TikTok is a social media platform that provides a real-time window into public sentiment and opinions. Here, users freely express their views on various topics, including brands, products, and financial markets.
What users express via comments or videos on TikTok is sourced by Stockpulse’s crawlers. But how can the right videos be identified? Videos but also comments that matter and thus worth turning into data? On TikTok, videos gain significance only after garnering substantial views. These are the videos we have focused on in the study reported here. We have sourced publicly available comments and videos into separate data sets. Data collection was guided by hashtags and influencers. Firstly, we acquired TikTok videos that fell under hashtags commonly associated with finance, such as #finance, #investment, #money, #crypto, or in the fashion do- main, including #fashion, #style, #shopping, #fashionaddict. In order to complement this dataset, we secondly included videos linked to influencers in finance and fashion, particularly those with a substantial following. This approach led to the identification of thousands of influencer accounts from which we sampled our data.
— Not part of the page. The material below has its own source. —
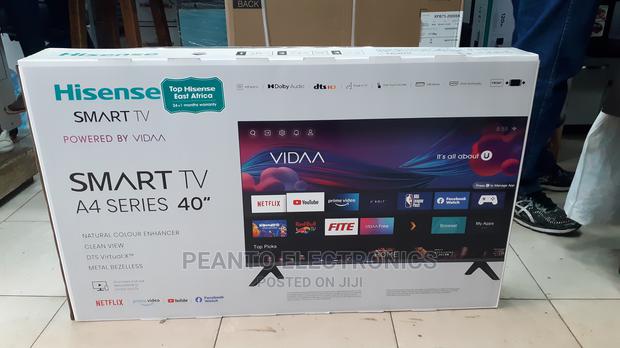 Hisense 40A4G 40 Inches Full HD - thumbnail 2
A key objective of our work at Stockpulse is to offer data that is economically meaningful and actionable. Therefore, we preprocess the data so that it is ticker-mapped and point-in-time with all asset classes being covered. In the case of videos, data processing involved transcribing videos into text and then converting them into data, e.g., on sentiment scores. Our ticker-mapping, key event, and topic-matching methodologies are then applied to extract meaningful datasets.